Se procura um destino especial na Madeira, onde a natureza se impõe em força e a história se revela em cada pedra, o Curral das Freiras é o sítio certo. O nome pode soar curioso — e até um pouco misterioso —, mas tudo se explica quando se conhece melhor esta pequena aldeia, escondida entre montanhas e fora do alcance do olhar dos invasores que, há séculos, atacavam a ilha.
A primeira imagem que a maioria dos visitantes tem do Curral das Freiras é lá do alto, a partir de miradouros como a Eira do Serrado, a Boca dos Namorados ou o Montado do Paredão.
É neste momento que se percebe a verdadeira singularidade do local: uma aldeia encaixada num vale profundo, protegida por imponentes picos rochosos e rodeada de paisagens quase cinematográficas.
Esta espécie de “cratera” natural foi esculpida ao longo de milhões de anos, com a ajuda da erosão, deslizamentos de terra e até um toque de intervenção humana. O resultado é um cenário que parece retirado de um conto de fadas — mas com um enredo muito real.
Durante os primeiros tempos da colonização da ilha, este vale era utilizado como pastagem. As montanhas formavam um curral natural para o gado — e daí o nome.

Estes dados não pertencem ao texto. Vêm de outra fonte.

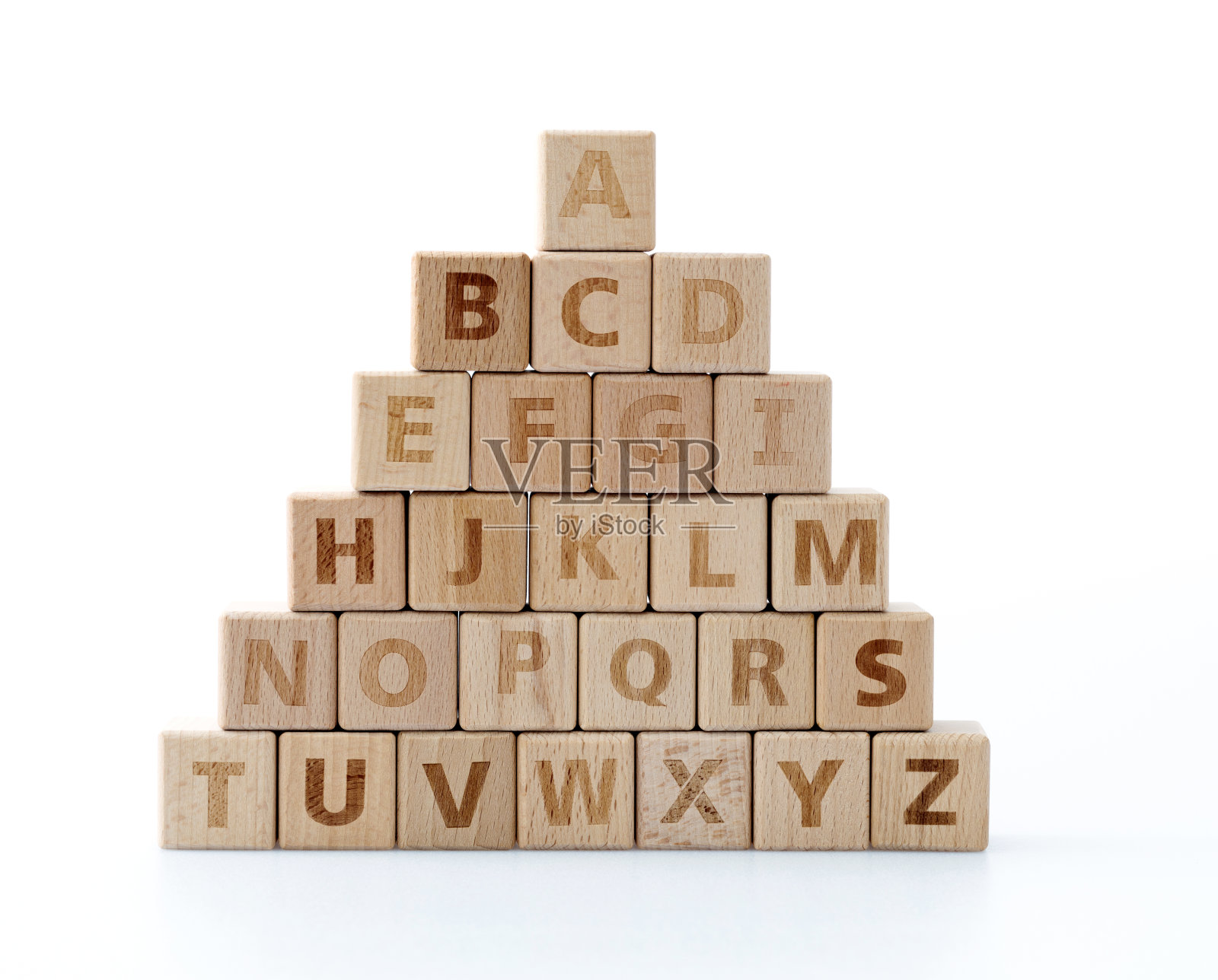 白色背景上的木制字母块照片摄影图片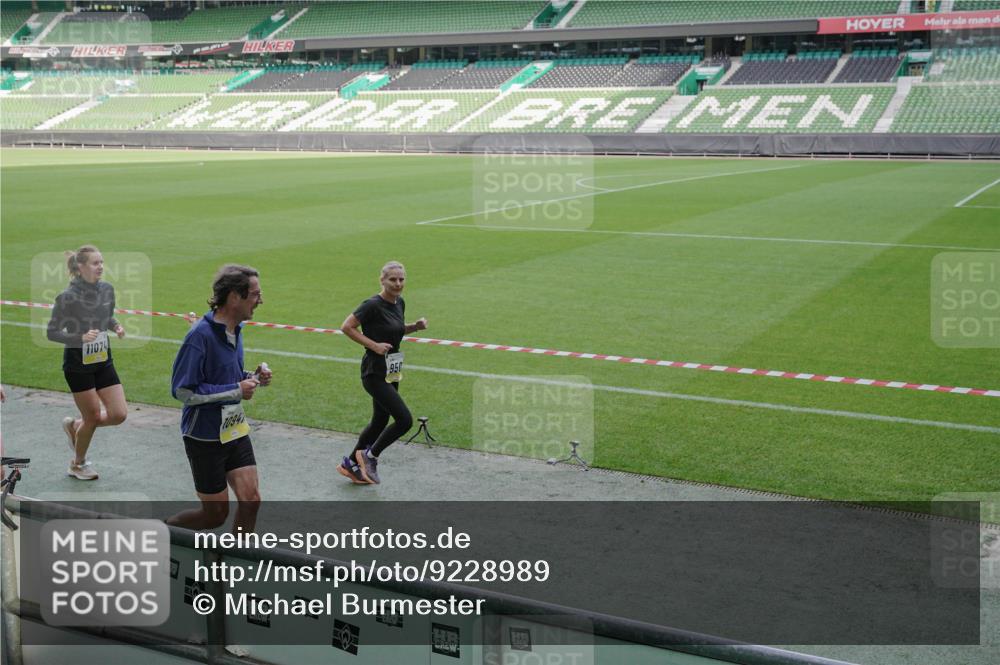 05.10.2025 - 20. swb-Marathon Bremen Michael Burmester http://msf.ph/oto/9228989 05.10.2025 10:27:13 Laufen im Stadion 28, 9009, 9202, 9270, 9285, 9290, 9339, 9351, 9362, 9396, 9400, 9411, 9500, 9590, 9670, 9678, 9709, 9711, 9876, 9878, 9885, 9897, 9921, 9960, 9961, 10045, 10091, 10092, 10277, 10351, 10411, 10568, 10634, 10639, 10649, 10682, 10750, 10773, 10792, 10818, 10822, 10823, 10898, 10947, 11074, 11362, 11446, 11585, 11645, 11659, 11683, 11714, 9250, 9290, 9545, 9590, 10053, 10090, 10304, 10431, 10447, 10633, 10649, 11648, 11715 meine-sportfotos.de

A história ganhou um novo capítulo no século XVI, quando as freiras do Convento de Santa Clara, no Funchal, fugiram para este local durante os ataques dos corsários franceses. Encontraram aqui um esconderijo perfeito, invisível do mar e protegido pelas montanhas. Desde então, ficou conhecido por Curral das Freiras.
Mas a ligação às freiras vai ainda mais longe. Foi também a partir dos cânticos religiosos que, em 1968, os investigadores redescobriram uma ave marinha raríssima — a freira da Madeira — que se pensava estar extinta. O som do animal fazia lembrar aos pastores locais o coro das religiosas que ali viveram. Coincidência ou não, o nome ficou.
Hoje em dia, o Curral das Freiras mantém a ligação às tradições e à vida rural. É comum encontrar pequenos terrenos cultivados, casas dispersas por fajãs com nomes quase poéticos — Fajã dos Cardos, Fajã Escura, Colmeal — e um forte orgulho pela história local.
Um dos momentos altos do ano é a Festa da Castanha, celebrada no início de novembro. Milhares de pessoas sobem à vila para provar iguarias típicas como o licor de castanha, as broas, as sopas, os bolos e até o pão feito com este ingrediente. A festa é um verdadeiro impulso para a economia da freguesia e uma montra dos sabores madeirenses.
Mais recente — e talvez menos conhecida — é a Mostra do Brigalhó, dedicada a um tubérculo endémico da Macaronésia. Requer uma cozedura de 24 horas, o que diz muito sobre os tempos de escassez que marcaram a história da região. A mostra decorre em maio e inclui provas, exposições e várias atividades promovidas pela comunidade.
Para quem gosta de caminhadas, o Curral é também um ponto de partida para percursos pedestres incríveis. O PR2 – Vereda do Urzal é uma das melhores opções. Tem cerca de 10 quilómetros, começa na Fajã dos Cardos e atravessa antigas rotas de ligação entre o sul e o norte da ilha. Outras rotas recomendadas passam pela Boca das Torrinhas, pela Levada do Curral e ainda pelo Pico Ruivo.
Com uma população a rondar os 2000 habitantes e uma área superior a 25 quilómetros quadrados, esta é a maior freguesia do concelho de Câmara de Lobos. E também uma das mais fascinantes. Entre a história, os sabores locais e a beleza natural, o Curral das Freiras é daqueles sítios que não se esquecem.